Question

ind the value of x^3 - y^3 , if x/y + y/x = (-1) and (x,y is not equall to 0) please answer no spamming

Answer 1

Answer:

0

Step-by-step explanation:

$\frac{x}{y} \: + \: \frac{y}{x} \: = \: - 1$

Taking LCM, we get

$\frac{ {x}^{2} \: + \: {y}^{2} }{xy} = \: - 1$

${x}^{2} \: + \: {y}^{2} = - xy$

${x}^{2} \: + \: {y}^{2} \: + \: xy = 0$

Multiply (x - y) on both sides.

$(x - y)( {x}^{2} + xy + {y}^{2} ) \: = \: 0$

${x}^{3} \: - \: {y}^{3} \: = \: 0$

Answer 2

Step-by-step explanation:

Given :-

We know that (a^3-b^3=(a+b) (a^2+b^2-2ab).

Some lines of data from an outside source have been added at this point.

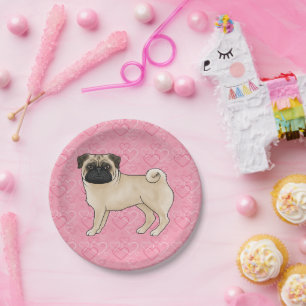 Fawn Pug Dog Cartoon Mops Love Heart Pattern Pink Paper Plate
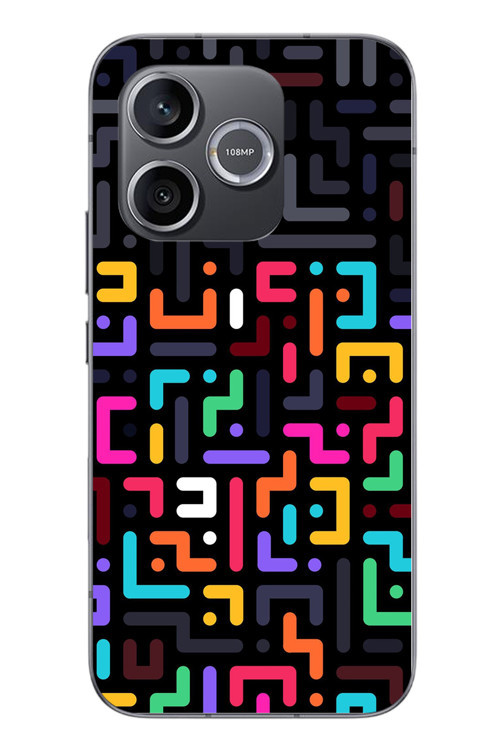 Honor 600 Uyumlu Renkli Karışık Çizgiler Baskılı Silikon Kılıf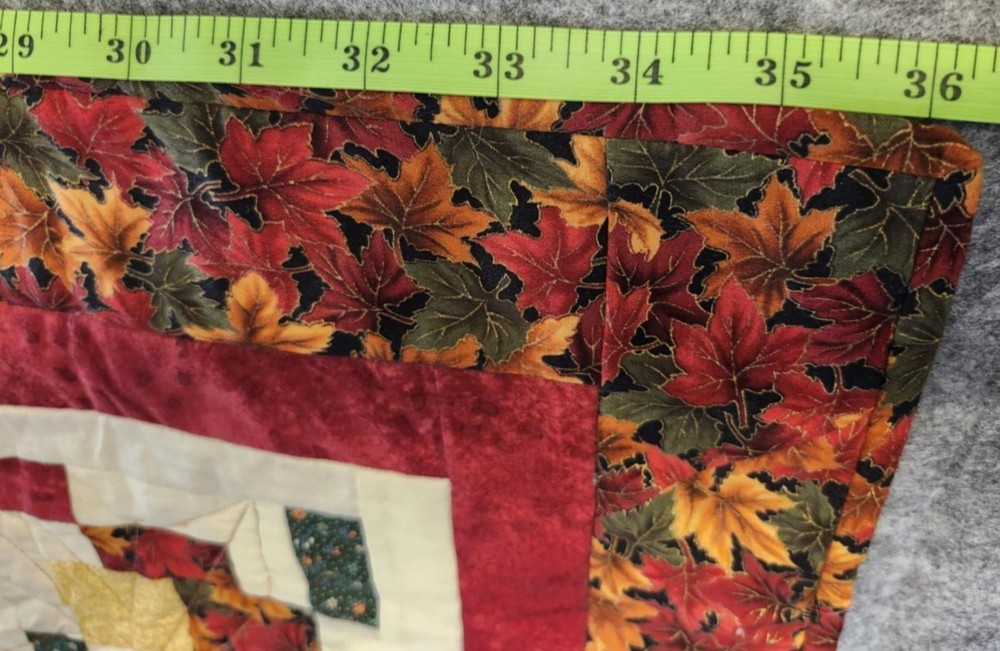 Handmade Patchwork Quilt Throw Lap Blanket Log Cabin pattern Barn Raising layout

So, x^3-y^3=(x+y) (x^2+y^2-2xy).

it is given that

x/y+y/x=-1

x^2+y^2=-xy

x^+y^2+xy=0

x^2+xy+y^2=0

Now,Multiplying by (x-y) by both's side.

(x-y) (x^2+xy+y^2)=x-y×0

By eq. 1 we get,

(x^3-y^3) = 0.

Proved.